D. L’expertise des biens situés à l’étranger

Même si l’expert belge est parfaitement habilité à se rendre sur place lui-même pour expertiser un bien situé à l’étranger, il est conseillé, afin notamment d’éviter des coûts trop importants pour le justiciable, de demander au juge belge de l’autoriser, moyennant la rédaction du rapport d’expertise par l’expert belge lui-même, à se faire assister d’un sapiteur étranger.

Il est également possible, à l’introduction de la procédure en liquidation-partage, de demander au juge familial de confier la mission d’estimer les biens immeubles étrangers au notaire, en lui permettant de se faire assister d’un sapiteur étranger. Il apparaît en effet que les opérations de liquidation d’une indivision impliquent nécessairement la fixation de la valeur des biens concernés par cette indivision. Cette mission d’évaluation, ou d’estimation, est dès lors nécessairement une composante de la mission conférée par la loi, et confiée par le tribunal, au notaire, en sa qualité, non pas d’expert, mais de notaire-liquidateur.

Le règlement n° (UE) 2020/1783 relatif à la coopération entre les juridictions des États membres dans le domaine de l'obtention des preuves en matière civile ou commerciale (obtention des preuves) (refonte), régulièrement utilisé par les praticiens civilistes mais oublié des familialistes, est de même un outil très utile pour obtenir une expertise à l’étranger. Le juge belge peut demander lui-même directement au juge étranger, par le biais d’un formulaire ad hoc, qu’il désigne un expert et qu’il veille sur place à l’exécution contrainte de la mesure. Alternativement, le juge belge peut procéder directement à l’acte d’instruction requis dans le pays étranger, sans possibilité toutefois d’adopter des mesures coercitives.

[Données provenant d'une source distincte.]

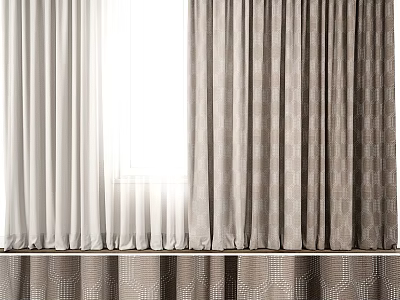 Modern Double Layer Curtain with Sheer and Textured Fabric for Window Light Filtering 3d model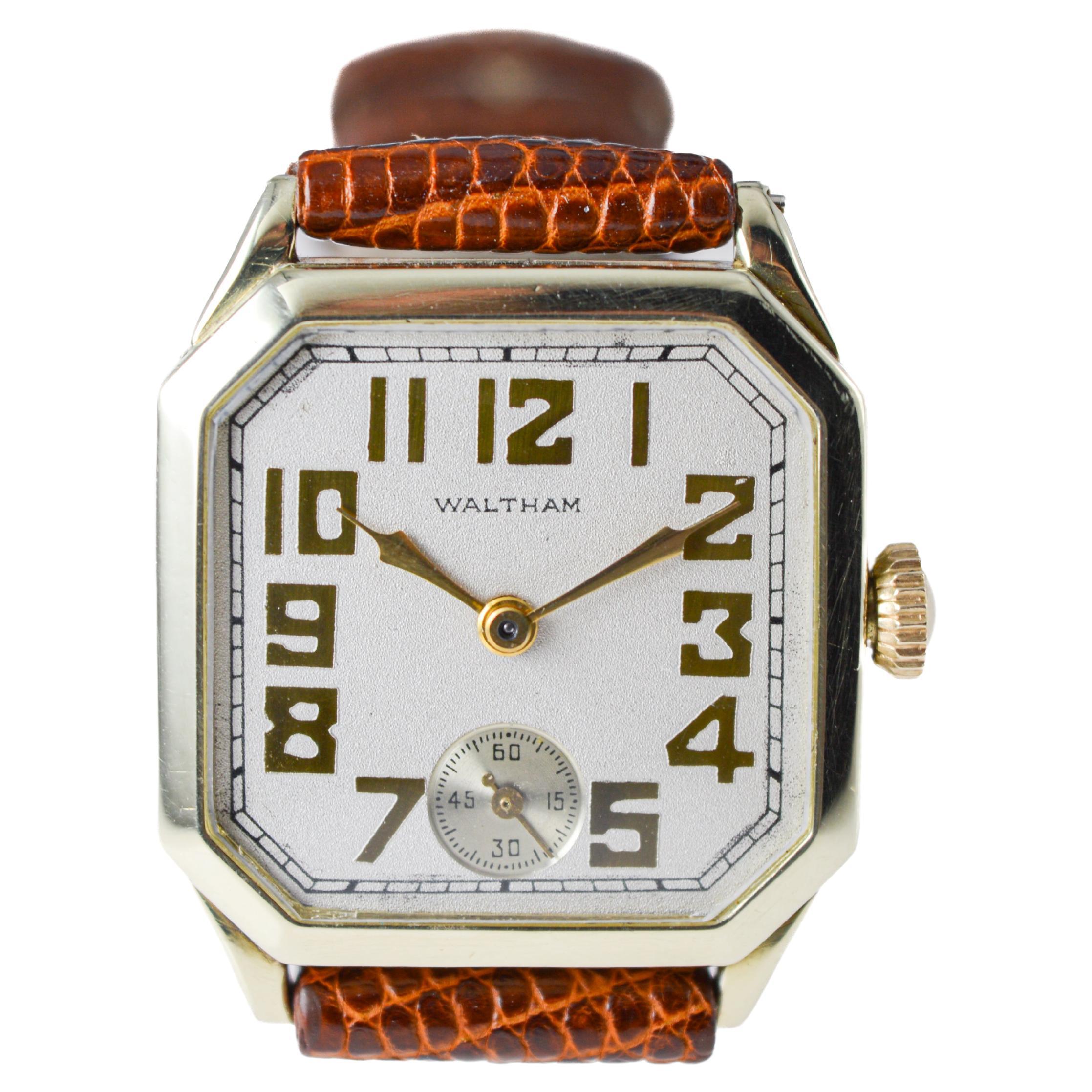 Waltham 14k Solid Yellow Gold American Art Deco Watch with Original Dial 1926 For Sale 3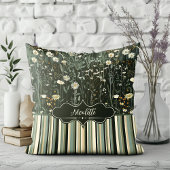 ニコレットダークデイジーフローラ ストライプの クッション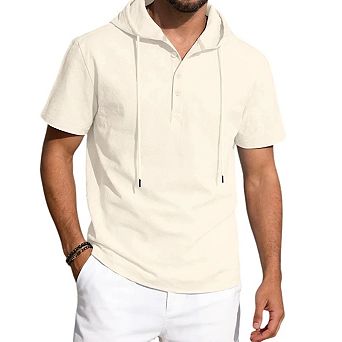 Mens Short Sleeve Hoodie Cotton Hooded T-shirts Lightweight Solid Tops Sweatshirts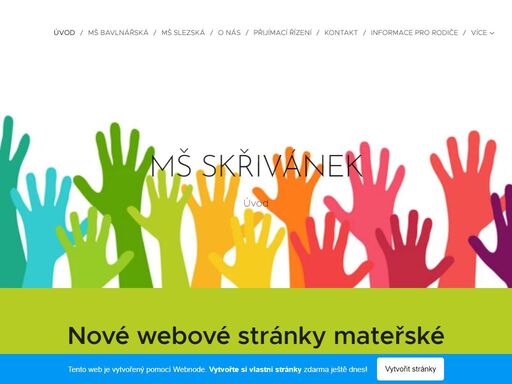 nové webové stránky mateřské školy najdete zde:www.ms-barevnysvet.cz
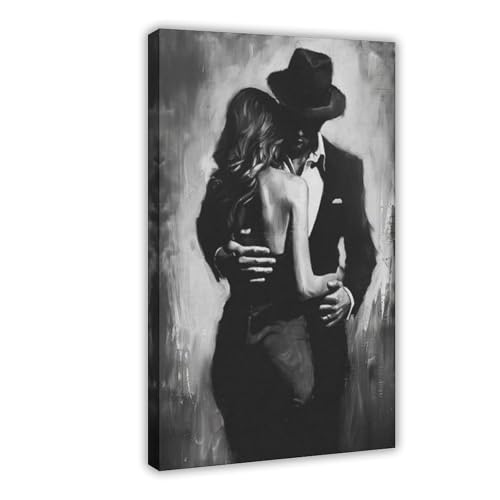 Poster sur toile couple romantique dansant déco murale chambre 40x61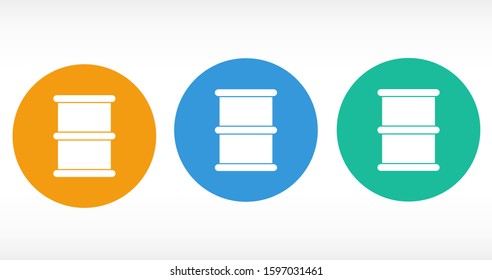 Oil icon vector drum container / barrel with sign flat vector icon for apps and websites. Oil icon vector Abstract symbol of a drop. Oil icon vector EPS-10 (non transparent elements, non gradient)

Enfin, l’article 19 du « règlement succession », trop peu exploité lui-aussi, permet d’obtenir du juge du lieu de la situation de l’immeuble, sans devoir démontrer une quelconque urgence et sans nécessité que le juge belge soit déjà saisi d’une demande de liquidation-partage, de prendre toute mesure provisoire ou conservatoire utile (inventaire, expertise, attribution provisoire, mise sous scellés, gestionnaire, …).

E. Le cas particulier des biens situés en dehors de l’Union européenne 

Pour les biens situés dans des Etats tiers, la situation est plus complexe encore, d’autant plus que certains pays appliquent une compétence exclusive sur les immeubles localisés sur leur territoire et refuseront de déclarer exécutoire une décision étrangère. Quelles sont les pistes envisageables ?

S’il existe une convention bilatérale entre la Belgique et l’Etat tiers en question, comme c’est le cas pour la Suisse, celle-ci s’appliquera. En l’absence de convention bilatérale, les règlements européens prévoient qu’à la demande d’une des parties, les biens situés sur les Etats tiers peuvent être exclus des opérations non seulement de partage mais également de liquidation (article 12 du règlement succession et article 13 du règlement régimes matrimoniaux). L’exclusion des certains biens de la liquidation-partage d’un régime matrimonial ne sera toutefois possible que dans le cadre d’un litige successoral.